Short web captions
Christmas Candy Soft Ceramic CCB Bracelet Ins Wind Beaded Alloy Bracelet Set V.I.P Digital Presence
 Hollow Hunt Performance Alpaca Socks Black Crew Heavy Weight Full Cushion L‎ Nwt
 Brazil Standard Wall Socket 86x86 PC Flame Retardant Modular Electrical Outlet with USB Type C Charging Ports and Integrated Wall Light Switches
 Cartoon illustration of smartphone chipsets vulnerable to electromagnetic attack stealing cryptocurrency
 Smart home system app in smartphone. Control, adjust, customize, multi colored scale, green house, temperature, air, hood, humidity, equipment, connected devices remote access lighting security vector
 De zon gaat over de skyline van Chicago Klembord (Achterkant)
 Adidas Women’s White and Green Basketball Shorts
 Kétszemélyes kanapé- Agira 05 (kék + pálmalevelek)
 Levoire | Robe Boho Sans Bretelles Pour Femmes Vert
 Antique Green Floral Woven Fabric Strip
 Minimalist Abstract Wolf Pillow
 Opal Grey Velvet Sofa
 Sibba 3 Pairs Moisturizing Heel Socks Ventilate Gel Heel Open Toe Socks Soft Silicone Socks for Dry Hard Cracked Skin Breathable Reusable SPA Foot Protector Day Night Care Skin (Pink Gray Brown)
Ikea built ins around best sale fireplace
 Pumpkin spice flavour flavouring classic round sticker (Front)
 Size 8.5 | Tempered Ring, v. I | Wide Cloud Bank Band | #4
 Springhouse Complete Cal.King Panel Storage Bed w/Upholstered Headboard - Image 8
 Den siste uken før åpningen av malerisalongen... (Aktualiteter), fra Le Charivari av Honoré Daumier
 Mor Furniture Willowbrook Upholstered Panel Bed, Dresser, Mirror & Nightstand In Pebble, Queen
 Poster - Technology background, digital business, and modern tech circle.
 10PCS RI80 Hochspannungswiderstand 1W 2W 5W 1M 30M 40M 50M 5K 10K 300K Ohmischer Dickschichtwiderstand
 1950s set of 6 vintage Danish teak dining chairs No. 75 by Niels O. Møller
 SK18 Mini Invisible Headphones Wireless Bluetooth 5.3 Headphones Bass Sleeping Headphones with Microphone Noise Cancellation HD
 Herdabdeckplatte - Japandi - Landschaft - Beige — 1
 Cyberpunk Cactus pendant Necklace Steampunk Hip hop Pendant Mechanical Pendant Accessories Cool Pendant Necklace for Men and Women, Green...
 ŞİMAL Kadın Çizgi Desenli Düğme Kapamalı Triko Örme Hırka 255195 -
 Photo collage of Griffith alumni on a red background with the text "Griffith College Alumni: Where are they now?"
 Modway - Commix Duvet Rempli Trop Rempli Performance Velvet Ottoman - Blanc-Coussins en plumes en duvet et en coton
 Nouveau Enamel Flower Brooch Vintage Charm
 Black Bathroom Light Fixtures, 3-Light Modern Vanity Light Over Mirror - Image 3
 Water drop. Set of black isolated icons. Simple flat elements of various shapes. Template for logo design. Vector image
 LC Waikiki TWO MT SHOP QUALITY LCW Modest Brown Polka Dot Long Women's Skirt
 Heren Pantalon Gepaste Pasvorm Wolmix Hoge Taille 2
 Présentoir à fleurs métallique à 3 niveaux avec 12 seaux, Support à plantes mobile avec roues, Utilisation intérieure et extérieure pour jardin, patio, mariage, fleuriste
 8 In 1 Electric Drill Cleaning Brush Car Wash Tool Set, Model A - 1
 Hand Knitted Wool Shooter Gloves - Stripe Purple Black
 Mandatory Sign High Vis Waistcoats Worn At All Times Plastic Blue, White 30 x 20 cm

● **Your objective**: Please give the number of lines in the entries that contain the word "Brown", and nothing besides it.

● **Solution**: 2